# Medium Energy? - Running a low level of CO2...



## Courtneybst (23 May 2022)

Hi guys, I know this has probably been asked to death but I can't seem to find a definitive thread about it.

I'm planning to rescape my 120cm and 60cm tanks and I wondered if I could run them with a lower level of CO2... maybe 15ppm? The reason behind this is 1. To save on refills, 2. I've noticed even turning down my CO2 a little bit has improved the fish respiration with seemingly no negative affects on the plants. 3. I don't want explosive growth for maintenance purposes but I also don't want it to be as slow as a low energy tank because these are displays after all.

Has/does anyone do this successfully?


----------



## ScareCrow (23 May 2022)

I've been doing this for the past 6 weeks. I can't tell you how much CO² in terms of ppm I'm putting in other than it's 1.2 bps using a citric acid / bicarb generator. I inject via a ceramic diffuser into the canister filter intake and use the canister filter as a reactor.
In terms of results I have mostly epiphytes so it's not exactly explosive growth but definitely more dense growth than I was getting in low tech.
I think @Hufsa has been trying 15ppm.


----------



## Hufsa (23 May 2022)

ScareCrow said:


> I think @Hufsa has been trying 15ppm.


Close, somewhere around 20ppm.
How successfully or not Im doing it I will not comment on, but there is some established practice to run at 20ppm. 
I dont see why you couldnt get 15 to work either.
It should be all about balancing the other stuff to compensate a bit. 
So go easy on the light intensity if youre running EI ferts with 15/20 ppm Co2, that kind of thing.



Courtneybst said:


> Has/does anyone do this successfully?


I think you should just go for it and then report back in this thread with how it went


----------



## DeepMetropolis (23 May 2022)

If you want slower growth you want to use lean dosing. If you want to use low co2 levels you need to dim your lights. I do think it can be done if you use mostly easier plants like most of us do. If you want to safe on CO2 buy the biggest bottle you can put underneath your tank. Myself use a 10kg bottle that I refill for 30 euro's at a gas supply station. Thats about 25GBP more then a half year.


----------



## Courtneybst (23 May 2022)

Hufsa said:


> I think you should just go for it and then report back in this thread with how it went


I think this is the UKAPS spirit! 😅


----------



## Courtneybst (23 May 2022)

ScareCrow said:


> In terms of results I have mostly epiphytes so it's not exactly explosive growth but definitely more dense growth than I was getting in low tech.


Sounds ideal!


DeepMetropolis said:


> If you want slower growth you want to use lean dosing. If you want to use low co2 levels you need to dim your lights. I do think it can be done if you use mostly easier plants like most of us do.
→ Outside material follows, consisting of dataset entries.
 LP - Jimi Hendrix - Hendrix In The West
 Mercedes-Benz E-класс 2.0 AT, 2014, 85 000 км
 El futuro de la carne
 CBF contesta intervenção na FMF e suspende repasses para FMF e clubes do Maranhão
Yeah I will be using mostly epiphytes and cryptocoryne but the types that need higher light like spiralis red, tiger, flamingo etc


----------



## Wookii (23 May 2022)

I do this on my main tanks now, and plan to do it on my 1500. As @DeepMetropolis says, you can easily use a lower level of CO2, but you need to cut the light, either directly or using floating plants as a shield/diffusor. It’s the light that drives the demand of nutrients, including CO2 as far as I’ve been able to determine.

It is also a little species dependent - pick plants that like higher levels of CO2, and they won’t do so well, so plant choice is important too I think on a ‘medium-tech’ tank (if there is such a thing!).


----------



## Hufsa (23 May 2022)

Wookii said:


> It is also a little species dependent - pick plants that like higher levels of CO2, and they won’t do so well, so plant choice is important too I think on a ‘medium-tech’ tank (if there is such a thing!).
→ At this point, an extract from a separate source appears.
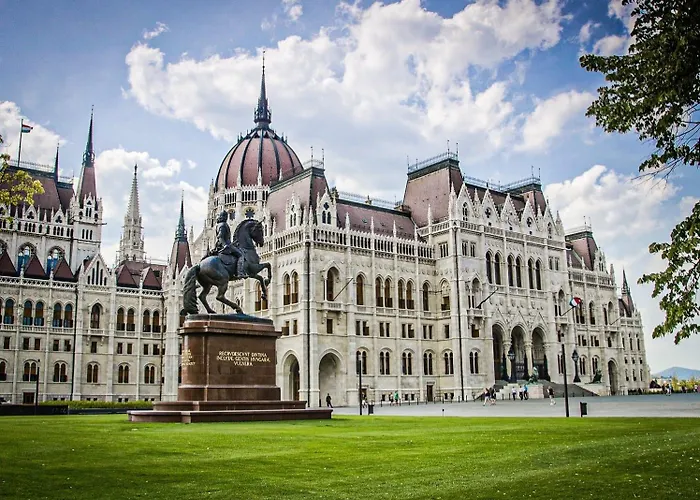 Principe Luxury Suite Next To Parliament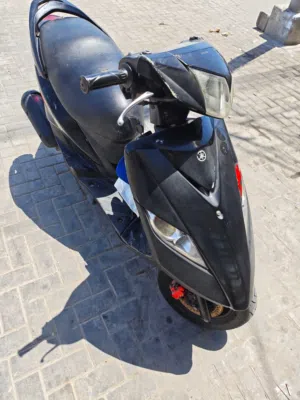 ياماها ماكس ثعلب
This right here. If you avoid picking plants that are known to love/need high light like certain stem plants, and avoid some others that are suspected to like higher CO2 or just being divas (Pantanal) then I think you can grow most everything else.


----------



## Yugang (28 May 2022)

I really like the idea @Courtneybst , as you say a lower CO2 level seems to make running the tank so much easier, cheaper, and comfortable for lifestock.

Tom Barr, a long time ago, suggested on his forum that a higher CO2 ppm takes BBA out of their comfort zone. 


Yugang said:


> "BBA grows in ranges of about 5-10-15ppm of CO2, that seems to be an optima" - Tom Barr on Barreport Sep 2 2013.


This quote is very old, and I have not seen similar statements more recently. Probably this claim is no longer considered valid?

An idea could be to start at 20 ppm, as @Hufsa and others have been doing. When all works well, find out lower levels and see if BBA remains manageable.

Hope you share your experiences, I may follow your example


----------



## Courtneybst (28 May 2022)

Yugang said:


> I really like the idea @Courtneybst , as you say a lower CO2 level seems to make running the tank so much easier, cheaper, and comfortable for lifestock.
> 
> Tom Barr, a long time ago, suggested on his forum that a higher CO2 ppm takes BBA out of their comfort zone.
> 
> ...


Thank you! That's really useful, and I think the BBA thing has been the main concern at these lower levels.

I've also figured that maybe if I allow my water to 'degas' fully before measuring my pH I'll get a more accurate pH drop and the fish will be less affected.

My next tank will be rimless so it'll finally allow me to place the outlets and inlets anywhere I like which would greatly help with flow and CO2 distribution.


----------



## bazz (28 May 2022)

Courtneybst said:


> My next tank will be rimless so it'll finally allow me to place the outlets and inlets anywhere I like which would greatly help with flow and CO2 distribution.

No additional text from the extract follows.